October 04, 2015

The Data Is Wrong!!

Did you see this article from Friday (click here)?

First, look at the ad next to an article about bad weather data:




Alanis Morissette would agree it is ironic that an article talking about how terrible initial data conditions lead to terrible forecasts is supported by an ad about a conference featuring technology that uses incomplete data to put ads in front of customers that are never clicked on - a technology that you use to bid to pay higher-than-necessary rates to put an ad in front of a customer that seven in ten thousand (i.e. nobody) will respond to.

When your co-op sales rep tells you that they have a new "coherence model" (or whatever name they call the next version of models that are cousins to the models used in 1995) and that they're seeing breakthrough results, you have to question the statement.
  • Is the data being used to create the model "right" in the first place? Ask your co-op sales rep to see the data being used as an initial starting point.
  • Are the models that sit on top of the data "right" in their assumptions?
  • Ask the co-op rep to share the model coefficients with you - it's your model, you are paying for it, so you should get to see what you are paying for, right?
Ask your co-op sales rep to answer each question.

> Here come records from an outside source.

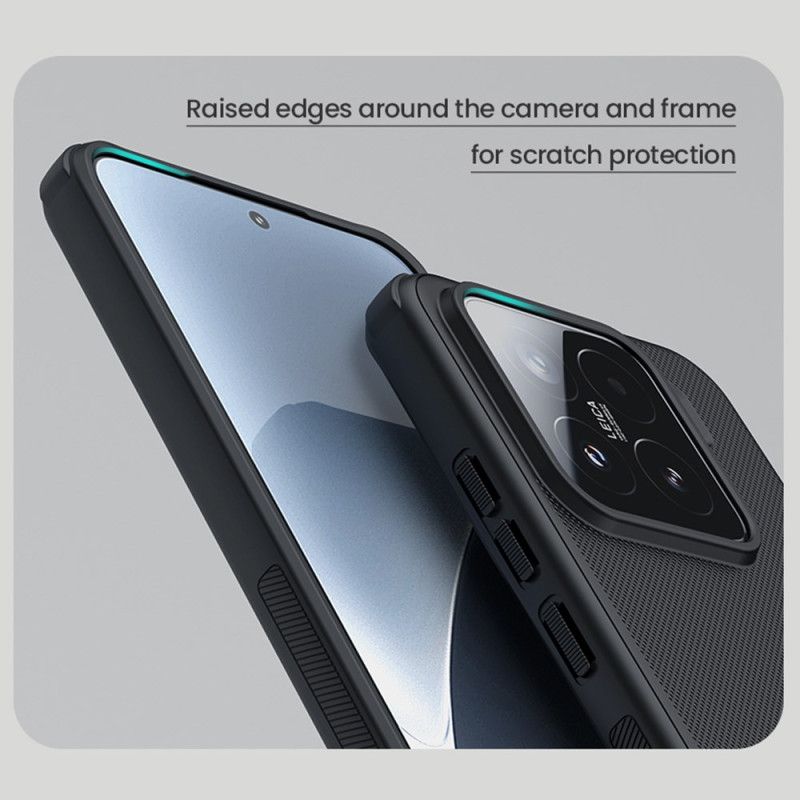 Cover Xiaomi 15 Telefon Etui Frosted Shield Pro Nillkin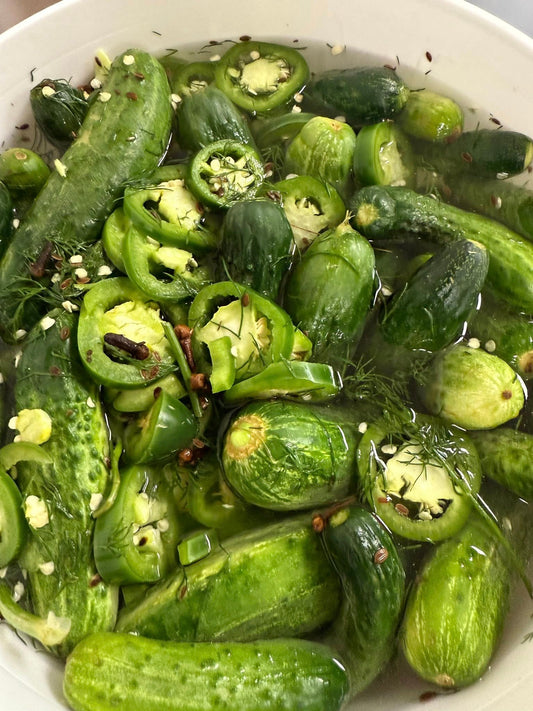 Sweet & Smoky Jalapeno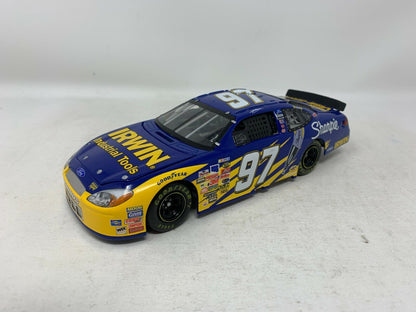 Team Caliber Nascar #97 Kurt Busch Irwin Tools 2004 Ford Taurus 1:24 Diecast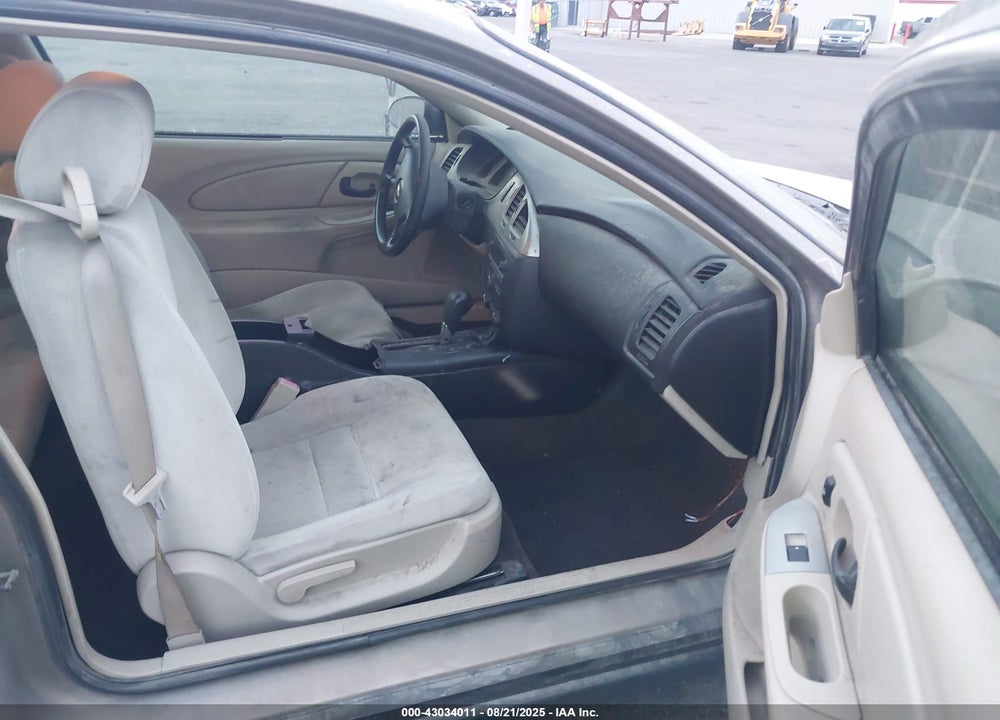 2006 CHEVROLET MONTE CARLO VIN: 2G1WK151069395395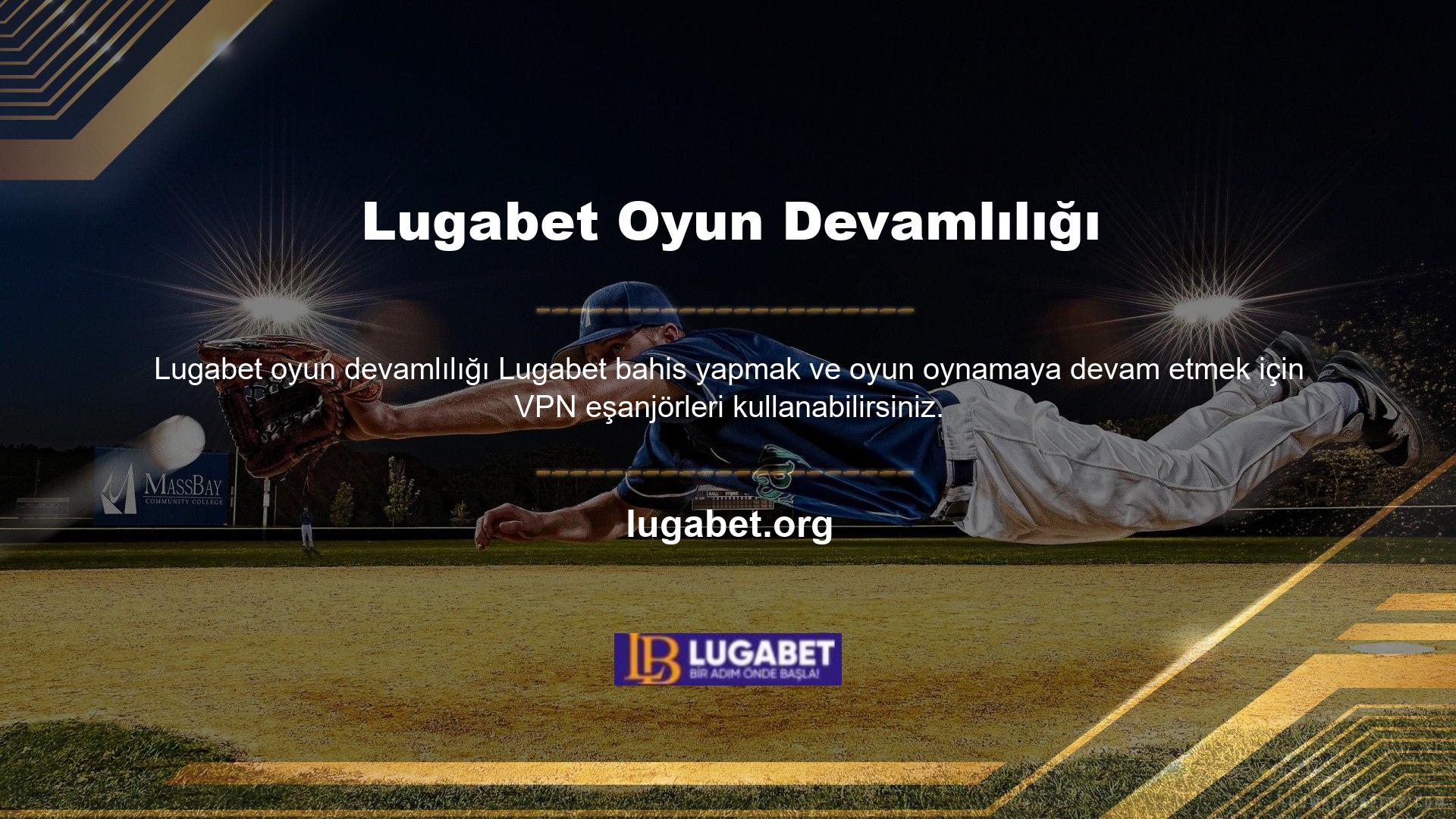 Yeni bir adrese geçerseniz, Lugabet bilgilerinizi otomatik olarak güncelleyecektir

If you don't get a valid answer to any of the three questions (and you probably won't), then ask yourself why these folks are still trusted partners? Why would your trusted partner hide the truth from you? (and co-op folks, this works in reverse - if your clients won't share profit/loss data on the names you give them, are these your trusted partners?).

Let me tell you a story. I was asked to visit a company and referee a discussion between vendor statisticians and in-house statisticians. What a mess! The vendor used the same data that the in-house statisticians used. But each party transformed the data in different ways, so their starting points were fundamentally different. Different starting points mean different outcomes (like in the example with hurricane forecasts). And different starting points mean different modeling approaches. Each party utilized fundamentally opposite tactics. The vendor had hundreds of variables in the model, optimizing profit. The in-house statistical team had a half-dozen variables optimizing sales. Again, both tactics are wrong (never use 100s of variables in a model, the last several hundred have no impact - the concept is called 'parsimony' ... and modeling sales instead of profit means that you reward customers who return a lot of merchandise and/or purchase via discounts/promotions), and because both tactics are wrong, both tactics yield bad outcomes. Of course, both tactics are doomed because they start with bad data (i.e. bad variables).

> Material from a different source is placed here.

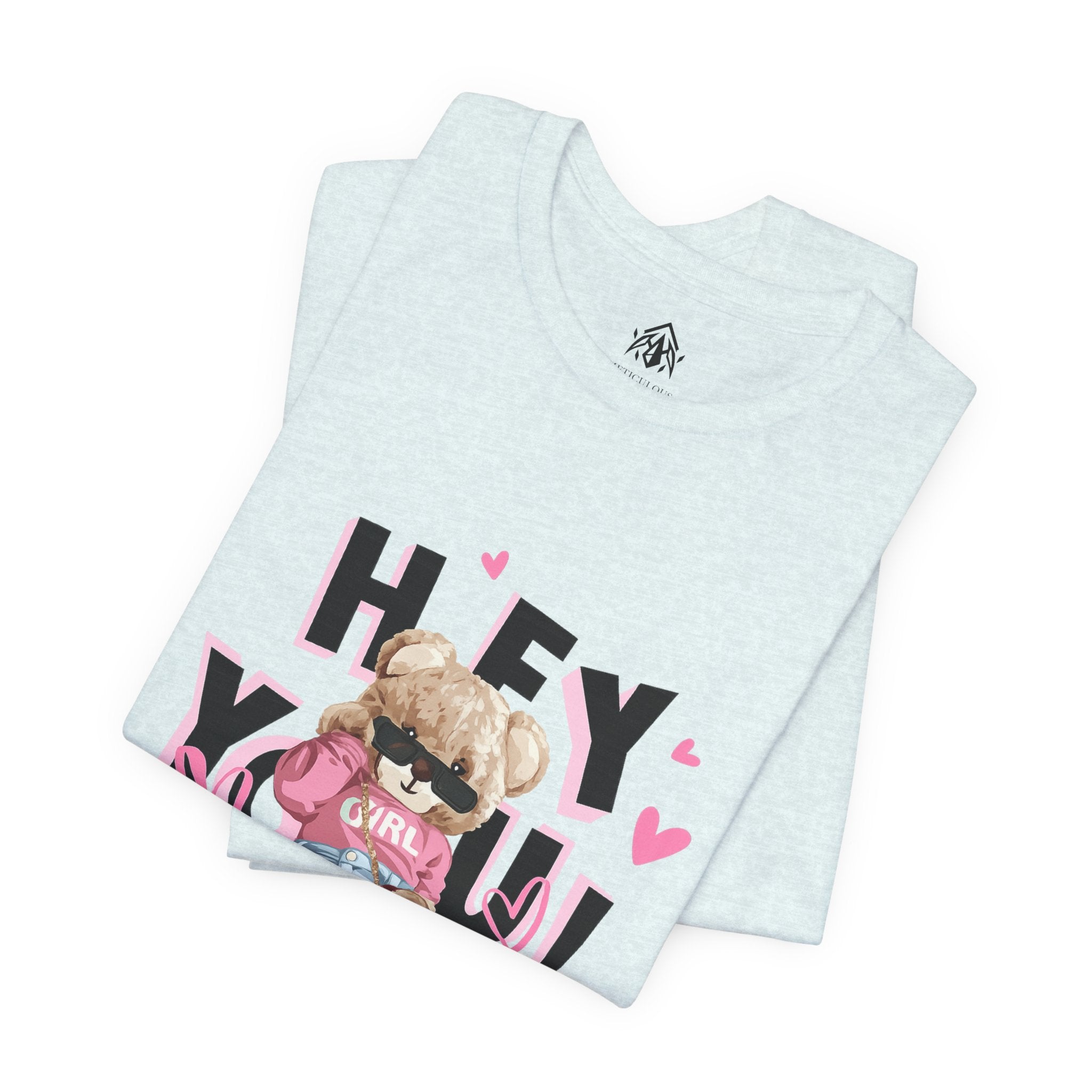 Bear Tee (Girls version available)
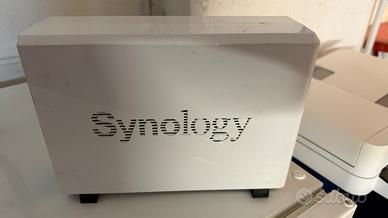 NAS  Synology Ds 115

But man, what an argument, where two parties who are wrong yell at each other about how wrong the other side was! It almost sounded like our political process.

If your in-house statistician won't share the details of the model building process with you, find a new in-house statistician.

If your vendor co-op or retargeter won't share the details of the model building process with you, find a new vendor co-op or retargeter.

If your attribution vendor won't share the intimate details of the modeling process used to dictate your advertising investment algorithm, then fire the attribution vendor and find a new one who is honest and transparent.

In weather, we can clearly see when one modeling process, #datadriven and all that, is still woefully wrong.

In marketing, do we know if our trusted analytics partners are right or wrong?